# [ACTION ITEM]
Which lines in the records below hold the word "Textured"? Copy each of them.

# [PROVIDED DATA]
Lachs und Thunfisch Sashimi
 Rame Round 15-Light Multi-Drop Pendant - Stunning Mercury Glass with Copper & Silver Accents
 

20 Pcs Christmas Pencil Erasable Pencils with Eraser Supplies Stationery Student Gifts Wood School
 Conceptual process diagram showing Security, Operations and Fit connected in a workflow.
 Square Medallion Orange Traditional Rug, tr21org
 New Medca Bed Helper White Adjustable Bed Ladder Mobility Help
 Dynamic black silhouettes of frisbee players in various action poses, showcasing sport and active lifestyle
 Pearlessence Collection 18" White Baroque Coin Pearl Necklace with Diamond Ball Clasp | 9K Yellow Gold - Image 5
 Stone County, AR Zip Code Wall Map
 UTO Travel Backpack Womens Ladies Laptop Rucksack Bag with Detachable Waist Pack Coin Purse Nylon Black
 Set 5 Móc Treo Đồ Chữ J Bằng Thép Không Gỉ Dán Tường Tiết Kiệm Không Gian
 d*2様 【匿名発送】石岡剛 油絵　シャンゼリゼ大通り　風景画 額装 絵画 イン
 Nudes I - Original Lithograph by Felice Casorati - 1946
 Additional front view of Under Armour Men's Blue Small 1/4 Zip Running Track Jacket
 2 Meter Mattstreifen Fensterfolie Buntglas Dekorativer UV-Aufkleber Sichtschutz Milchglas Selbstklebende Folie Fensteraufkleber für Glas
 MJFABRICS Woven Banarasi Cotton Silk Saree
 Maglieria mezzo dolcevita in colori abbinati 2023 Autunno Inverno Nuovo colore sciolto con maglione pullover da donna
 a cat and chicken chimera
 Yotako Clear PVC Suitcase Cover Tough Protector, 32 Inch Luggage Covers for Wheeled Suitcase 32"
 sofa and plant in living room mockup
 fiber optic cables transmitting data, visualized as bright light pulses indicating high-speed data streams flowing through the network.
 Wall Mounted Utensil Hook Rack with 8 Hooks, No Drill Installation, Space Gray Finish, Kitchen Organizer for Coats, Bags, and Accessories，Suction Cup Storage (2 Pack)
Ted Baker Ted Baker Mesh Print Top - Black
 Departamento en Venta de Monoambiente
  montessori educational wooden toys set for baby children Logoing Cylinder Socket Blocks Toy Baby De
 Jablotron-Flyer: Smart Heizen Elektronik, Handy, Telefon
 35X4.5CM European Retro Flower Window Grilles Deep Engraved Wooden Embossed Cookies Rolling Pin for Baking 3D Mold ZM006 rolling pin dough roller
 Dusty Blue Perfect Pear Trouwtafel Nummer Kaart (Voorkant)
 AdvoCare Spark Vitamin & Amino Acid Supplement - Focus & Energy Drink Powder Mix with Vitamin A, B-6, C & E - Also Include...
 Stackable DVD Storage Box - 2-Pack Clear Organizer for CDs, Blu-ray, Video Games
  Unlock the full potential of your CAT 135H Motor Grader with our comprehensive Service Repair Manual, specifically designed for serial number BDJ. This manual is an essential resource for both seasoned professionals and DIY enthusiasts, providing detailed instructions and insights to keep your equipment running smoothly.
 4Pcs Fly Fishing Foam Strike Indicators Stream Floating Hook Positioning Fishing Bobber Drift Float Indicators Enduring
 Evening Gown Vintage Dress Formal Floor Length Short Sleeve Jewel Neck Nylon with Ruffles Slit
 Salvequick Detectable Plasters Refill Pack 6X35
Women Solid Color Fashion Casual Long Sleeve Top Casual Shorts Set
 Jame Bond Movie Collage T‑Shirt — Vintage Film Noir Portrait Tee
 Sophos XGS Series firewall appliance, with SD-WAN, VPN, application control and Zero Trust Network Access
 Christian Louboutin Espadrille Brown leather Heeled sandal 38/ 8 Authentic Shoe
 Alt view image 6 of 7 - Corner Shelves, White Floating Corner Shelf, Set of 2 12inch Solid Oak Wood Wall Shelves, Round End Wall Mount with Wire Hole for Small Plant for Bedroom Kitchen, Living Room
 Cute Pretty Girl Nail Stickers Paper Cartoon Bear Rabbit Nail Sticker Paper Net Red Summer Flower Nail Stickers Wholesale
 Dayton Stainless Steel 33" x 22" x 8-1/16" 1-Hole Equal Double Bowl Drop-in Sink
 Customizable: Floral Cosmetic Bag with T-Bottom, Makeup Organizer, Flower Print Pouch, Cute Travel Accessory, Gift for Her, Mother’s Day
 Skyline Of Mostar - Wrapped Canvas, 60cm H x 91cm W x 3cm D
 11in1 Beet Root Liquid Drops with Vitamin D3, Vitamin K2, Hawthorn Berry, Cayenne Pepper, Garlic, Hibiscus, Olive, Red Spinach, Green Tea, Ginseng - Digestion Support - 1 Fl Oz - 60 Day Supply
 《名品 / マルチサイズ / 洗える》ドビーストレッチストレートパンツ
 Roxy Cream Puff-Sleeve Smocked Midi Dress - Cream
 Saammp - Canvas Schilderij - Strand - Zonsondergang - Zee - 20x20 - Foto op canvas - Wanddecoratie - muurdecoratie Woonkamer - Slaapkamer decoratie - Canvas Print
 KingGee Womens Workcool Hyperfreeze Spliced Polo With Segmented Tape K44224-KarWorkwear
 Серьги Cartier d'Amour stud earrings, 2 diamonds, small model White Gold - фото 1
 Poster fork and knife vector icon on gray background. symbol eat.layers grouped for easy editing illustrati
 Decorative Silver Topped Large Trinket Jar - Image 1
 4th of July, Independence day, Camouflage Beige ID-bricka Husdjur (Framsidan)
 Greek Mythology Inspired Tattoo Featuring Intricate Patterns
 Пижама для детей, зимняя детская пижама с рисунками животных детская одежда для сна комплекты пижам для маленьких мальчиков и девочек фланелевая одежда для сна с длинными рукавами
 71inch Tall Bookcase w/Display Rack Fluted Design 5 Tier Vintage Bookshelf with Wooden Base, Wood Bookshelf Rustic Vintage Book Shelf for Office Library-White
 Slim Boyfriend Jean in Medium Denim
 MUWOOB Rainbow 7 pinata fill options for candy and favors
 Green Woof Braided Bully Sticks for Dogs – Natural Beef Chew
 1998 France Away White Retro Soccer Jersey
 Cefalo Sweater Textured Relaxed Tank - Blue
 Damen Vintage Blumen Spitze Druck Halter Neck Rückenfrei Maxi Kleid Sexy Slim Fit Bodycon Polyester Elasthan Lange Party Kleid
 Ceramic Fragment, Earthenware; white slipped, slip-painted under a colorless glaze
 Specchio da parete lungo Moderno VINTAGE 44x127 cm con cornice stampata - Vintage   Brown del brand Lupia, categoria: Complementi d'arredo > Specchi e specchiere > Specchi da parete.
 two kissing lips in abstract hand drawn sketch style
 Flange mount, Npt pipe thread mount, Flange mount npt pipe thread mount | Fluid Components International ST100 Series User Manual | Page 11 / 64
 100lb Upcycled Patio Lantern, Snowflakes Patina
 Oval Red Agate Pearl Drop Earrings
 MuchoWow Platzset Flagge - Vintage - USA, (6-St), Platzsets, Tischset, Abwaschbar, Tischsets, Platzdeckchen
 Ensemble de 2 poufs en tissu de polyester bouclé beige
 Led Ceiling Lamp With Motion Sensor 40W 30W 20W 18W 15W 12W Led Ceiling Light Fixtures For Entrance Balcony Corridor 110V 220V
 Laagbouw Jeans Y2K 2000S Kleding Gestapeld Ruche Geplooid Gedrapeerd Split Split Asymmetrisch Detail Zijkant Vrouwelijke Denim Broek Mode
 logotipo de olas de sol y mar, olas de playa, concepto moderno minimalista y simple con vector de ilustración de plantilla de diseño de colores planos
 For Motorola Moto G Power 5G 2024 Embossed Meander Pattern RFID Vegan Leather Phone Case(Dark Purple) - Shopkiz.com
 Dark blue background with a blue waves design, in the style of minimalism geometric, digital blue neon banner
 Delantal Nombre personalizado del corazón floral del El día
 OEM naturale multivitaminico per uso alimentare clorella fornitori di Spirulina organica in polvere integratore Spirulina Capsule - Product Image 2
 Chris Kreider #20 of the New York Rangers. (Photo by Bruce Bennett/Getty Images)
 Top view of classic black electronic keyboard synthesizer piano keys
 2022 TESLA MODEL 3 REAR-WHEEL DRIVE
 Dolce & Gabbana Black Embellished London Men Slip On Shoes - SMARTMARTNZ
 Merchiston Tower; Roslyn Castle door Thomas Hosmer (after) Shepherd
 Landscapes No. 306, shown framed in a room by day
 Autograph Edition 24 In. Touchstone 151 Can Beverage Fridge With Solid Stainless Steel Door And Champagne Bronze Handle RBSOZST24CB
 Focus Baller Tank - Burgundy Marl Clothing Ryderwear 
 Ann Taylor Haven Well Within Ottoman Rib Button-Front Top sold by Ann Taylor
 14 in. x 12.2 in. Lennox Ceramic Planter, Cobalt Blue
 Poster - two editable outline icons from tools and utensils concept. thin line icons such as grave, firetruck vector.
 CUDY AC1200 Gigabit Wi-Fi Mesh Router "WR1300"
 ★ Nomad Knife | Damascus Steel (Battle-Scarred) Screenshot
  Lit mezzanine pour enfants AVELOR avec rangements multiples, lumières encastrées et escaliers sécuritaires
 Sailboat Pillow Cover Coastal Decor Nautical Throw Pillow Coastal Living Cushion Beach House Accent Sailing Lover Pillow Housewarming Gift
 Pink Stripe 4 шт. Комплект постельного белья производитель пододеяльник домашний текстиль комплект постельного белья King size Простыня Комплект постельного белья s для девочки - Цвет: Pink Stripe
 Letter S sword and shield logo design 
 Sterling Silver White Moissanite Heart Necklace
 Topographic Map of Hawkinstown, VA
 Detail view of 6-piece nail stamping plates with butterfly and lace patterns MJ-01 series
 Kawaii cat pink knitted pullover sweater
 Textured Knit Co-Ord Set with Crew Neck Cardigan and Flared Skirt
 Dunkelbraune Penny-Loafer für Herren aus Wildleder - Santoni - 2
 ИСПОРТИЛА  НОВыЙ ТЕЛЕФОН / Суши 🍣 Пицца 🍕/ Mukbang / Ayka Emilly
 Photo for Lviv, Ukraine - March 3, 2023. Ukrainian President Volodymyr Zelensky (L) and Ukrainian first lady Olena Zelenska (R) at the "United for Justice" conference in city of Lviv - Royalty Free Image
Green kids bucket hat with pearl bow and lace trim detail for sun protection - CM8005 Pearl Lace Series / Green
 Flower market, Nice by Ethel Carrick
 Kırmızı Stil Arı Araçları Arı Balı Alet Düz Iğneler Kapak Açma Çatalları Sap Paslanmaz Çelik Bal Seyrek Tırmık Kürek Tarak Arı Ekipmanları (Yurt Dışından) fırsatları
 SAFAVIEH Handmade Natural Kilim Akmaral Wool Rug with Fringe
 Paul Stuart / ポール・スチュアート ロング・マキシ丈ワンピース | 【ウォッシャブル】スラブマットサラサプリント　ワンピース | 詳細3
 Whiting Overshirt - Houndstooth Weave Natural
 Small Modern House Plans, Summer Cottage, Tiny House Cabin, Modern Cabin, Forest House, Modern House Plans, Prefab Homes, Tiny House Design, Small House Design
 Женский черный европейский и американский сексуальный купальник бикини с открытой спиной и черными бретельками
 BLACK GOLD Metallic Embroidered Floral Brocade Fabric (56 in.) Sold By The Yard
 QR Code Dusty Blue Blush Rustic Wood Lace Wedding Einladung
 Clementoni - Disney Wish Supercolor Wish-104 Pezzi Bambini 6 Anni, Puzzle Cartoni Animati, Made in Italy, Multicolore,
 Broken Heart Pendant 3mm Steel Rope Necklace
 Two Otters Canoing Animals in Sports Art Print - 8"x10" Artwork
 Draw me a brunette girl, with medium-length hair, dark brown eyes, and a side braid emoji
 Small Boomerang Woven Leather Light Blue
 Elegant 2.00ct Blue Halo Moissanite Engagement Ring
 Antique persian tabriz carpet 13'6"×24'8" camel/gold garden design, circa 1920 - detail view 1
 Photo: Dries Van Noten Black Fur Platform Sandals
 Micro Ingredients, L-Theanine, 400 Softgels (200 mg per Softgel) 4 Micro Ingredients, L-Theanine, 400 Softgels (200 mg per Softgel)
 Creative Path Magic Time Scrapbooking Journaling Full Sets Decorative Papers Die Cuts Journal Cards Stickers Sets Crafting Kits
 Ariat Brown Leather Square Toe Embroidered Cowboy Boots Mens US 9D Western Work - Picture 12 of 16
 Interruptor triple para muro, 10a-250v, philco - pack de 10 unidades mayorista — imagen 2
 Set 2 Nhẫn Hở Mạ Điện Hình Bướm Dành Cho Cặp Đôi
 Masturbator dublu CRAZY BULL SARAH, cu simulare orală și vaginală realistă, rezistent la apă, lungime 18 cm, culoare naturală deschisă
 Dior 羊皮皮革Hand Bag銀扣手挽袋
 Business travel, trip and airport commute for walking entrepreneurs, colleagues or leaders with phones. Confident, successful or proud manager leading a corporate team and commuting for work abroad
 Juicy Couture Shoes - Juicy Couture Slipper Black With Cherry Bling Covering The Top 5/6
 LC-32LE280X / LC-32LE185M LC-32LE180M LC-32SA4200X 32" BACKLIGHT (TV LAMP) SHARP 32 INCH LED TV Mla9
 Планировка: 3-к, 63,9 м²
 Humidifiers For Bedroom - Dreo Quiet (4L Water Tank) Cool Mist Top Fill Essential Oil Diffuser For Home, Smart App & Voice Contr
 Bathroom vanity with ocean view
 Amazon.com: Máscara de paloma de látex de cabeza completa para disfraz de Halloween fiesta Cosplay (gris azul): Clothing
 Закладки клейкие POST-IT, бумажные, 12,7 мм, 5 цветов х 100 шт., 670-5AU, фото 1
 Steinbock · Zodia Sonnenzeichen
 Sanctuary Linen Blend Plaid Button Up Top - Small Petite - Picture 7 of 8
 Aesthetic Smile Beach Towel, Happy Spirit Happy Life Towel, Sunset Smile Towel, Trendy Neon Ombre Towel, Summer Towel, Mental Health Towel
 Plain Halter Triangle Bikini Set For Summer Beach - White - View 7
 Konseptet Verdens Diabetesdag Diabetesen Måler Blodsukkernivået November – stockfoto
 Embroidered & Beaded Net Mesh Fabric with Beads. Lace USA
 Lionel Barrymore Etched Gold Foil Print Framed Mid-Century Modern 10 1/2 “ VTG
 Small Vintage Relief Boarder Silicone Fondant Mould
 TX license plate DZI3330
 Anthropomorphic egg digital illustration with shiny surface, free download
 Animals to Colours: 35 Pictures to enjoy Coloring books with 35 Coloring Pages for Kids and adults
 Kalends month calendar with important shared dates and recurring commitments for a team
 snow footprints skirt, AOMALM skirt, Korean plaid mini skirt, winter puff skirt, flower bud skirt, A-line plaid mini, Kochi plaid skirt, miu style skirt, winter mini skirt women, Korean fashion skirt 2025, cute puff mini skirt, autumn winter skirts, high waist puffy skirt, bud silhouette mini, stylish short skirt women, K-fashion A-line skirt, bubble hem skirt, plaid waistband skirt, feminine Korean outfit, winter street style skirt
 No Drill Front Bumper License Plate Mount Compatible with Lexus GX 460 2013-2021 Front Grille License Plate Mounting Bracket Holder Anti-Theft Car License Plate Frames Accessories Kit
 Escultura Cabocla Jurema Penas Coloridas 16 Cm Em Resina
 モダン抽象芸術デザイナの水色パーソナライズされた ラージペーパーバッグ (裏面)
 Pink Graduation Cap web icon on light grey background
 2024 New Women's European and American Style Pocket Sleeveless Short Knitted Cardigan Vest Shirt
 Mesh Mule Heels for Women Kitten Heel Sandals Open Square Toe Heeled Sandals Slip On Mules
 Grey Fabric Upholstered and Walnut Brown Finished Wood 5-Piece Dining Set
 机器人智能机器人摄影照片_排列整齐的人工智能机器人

# [TASK SOLUTION]
 Cefalo Sweater Textured Relaxed Tank - Blue
 Textured Knit Co-Ord Set with Crew Neck Cardigan and Flared Skirt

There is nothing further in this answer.